Minister of State at the Department of Agriculture Martin Heydon has said that money is never given without some conditionality attached.
Minister Heydon made these comments before the Dáil in relation to the 3,600 farmers who will have some or all of the money they received through the Beef Exceptional Aid Measure (BEAM) scheme in 2019 recouped, because they failed to comply with the terms and conditions in the regulations.
However, as revealed in this week’s Irish Farmers Journal, the minister confirmed that Department officials have been instructed to apologise to the farmers affected, and acknowledged that the communication around the recoupment letter could have been clearer and was not handled properly.
Nevertheless, Minister Heydon was adamant that a condition of the money was that farmers were required, over the two-year period, to reduce the bovine organic nitrogen produced on-farm by 5%.
The Department made it clear to farmers there was no downside to applying for the deferment option
“Of the 3,600 farmers, 66% or 2,396 who are in the recoupment situation increased their nitrates during that reduction period,” he explained.
“The total being recouped is now €5.2m, with the average recoupment per farmer at €1,700.
“Among the 3,600 farmers, almost 10% of cases involve less than €200 and almost a quarter involve less than €400.
“Three-thousand-six-hundred farmers decided not to opt for the later reduction period and, as of the end of June 2021, have failed to meet the obligations they signed up to under the BEAM scheme's terms and conditions,” he added.
“The Department made it clear to farmers there was no downside to applying for the deferment option because we wanted to make sure everybody who wanted to apply for that deferment could do so without any fear,” insisted Heydon.
The later reduction period runs from 1 January 2021 to 31 December 2021, compared with the original period which ran from 1 July 2020 to 30 June 2021.
Farmers could apply for the deferral between 19 March and 21 June.
Terms and conditions
Minister Heydon said that the conditions were clearly set out in section seven of the BEAM scheme's terms and conditions in 2019.
The minister commented: “Such was the urgent nature of the market difficulty [in 2019] that the money was paid upfront, subject to the participants' compliance with the scheme requirements.
“Almost 19,000 farmers have now met their requirements and exited the scheme.
“All 33,000 farmers in the BEAM scheme had the opportunity to avail of the later reduction period if they wished and if it was necessary,” said the minister.
He continued: “Those who opted for the deferment but met the scheme conditions in the original period were automatically removed from the later reduction period because they had met the requirements.
“Eleven-thousand farmers have opted to avail of the flexibility.
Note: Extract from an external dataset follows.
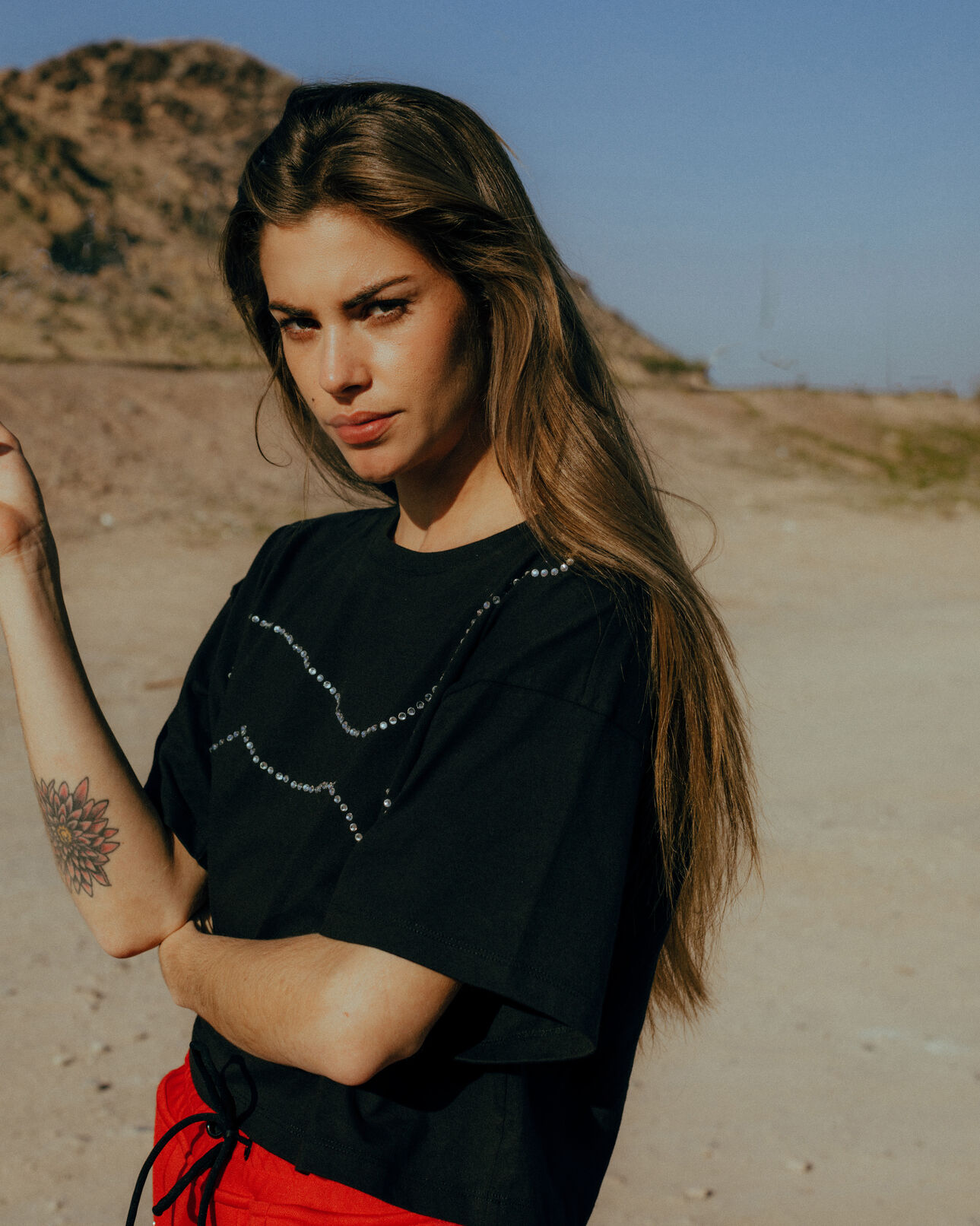The Kooples FEMME BLACK top coton noir style cropped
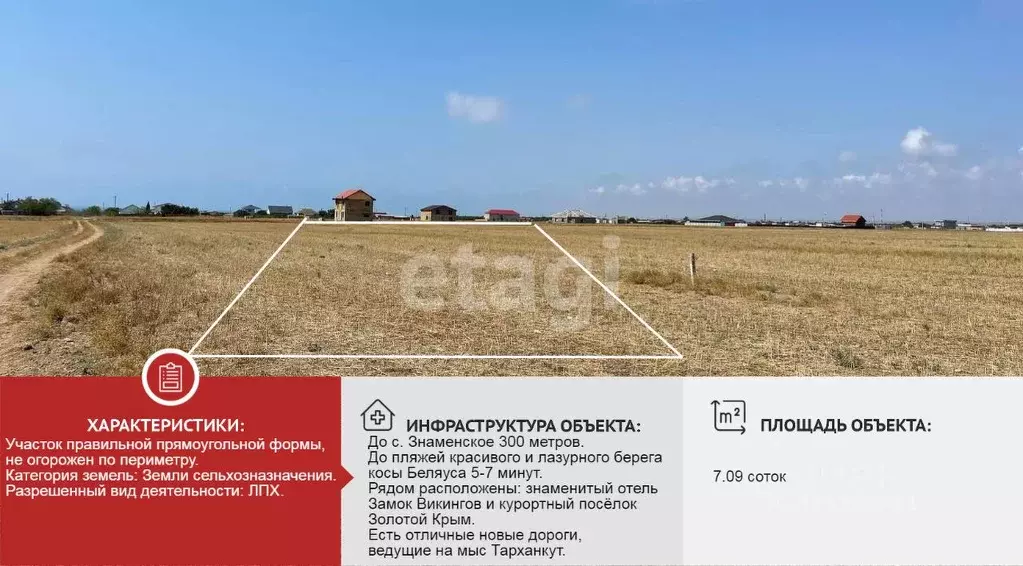 Участок в Крым, Черноморский район, Окуневское с/пос, с. Знаменское ... - Фото 2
This has allowed a farmer to opt for a later reduction period over which the 5% could be delivered.
“Almost 5,300 farmer participants were in this category and have exited the scheme without recoupment,” added Minister Heydon.
He acknowledged there was a need for support to help farmers cope with market difficulties in 2019, which were largely driven by Brexit.
“That is why we fought hard to get money from Europe to establish the Beef Exceptional Aid Measure, which ended up with €77m being paid to 33,000 farmers in 2019, €50m of which came from the EU with the balance having come from the national exchequer.
The majority of those farmers made that conscious decision in the full knowledge that they were outside the terms and conditions of the scheme
“In return, farmers were required over the following two years to reduce by 5% their bovine organic nitrogen produced on the farm.
“The European Commission insisted there was an element of restructuring of the Irish beef sector built into the scheme,” he added.
Minister Heydon said that rules on recoupment of interest are the same across all schemes, but said that there is conditionality with respect to European rules involving European money.
“The majority of those farmers made that conscious decision in the full knowledge that they were outside the terms and conditions of the scheme.
“That was a business decision for them to make and they felt it was the right thing to do, which was their right, but the terms of the scheme mean that money has to be recouped,” he insisted.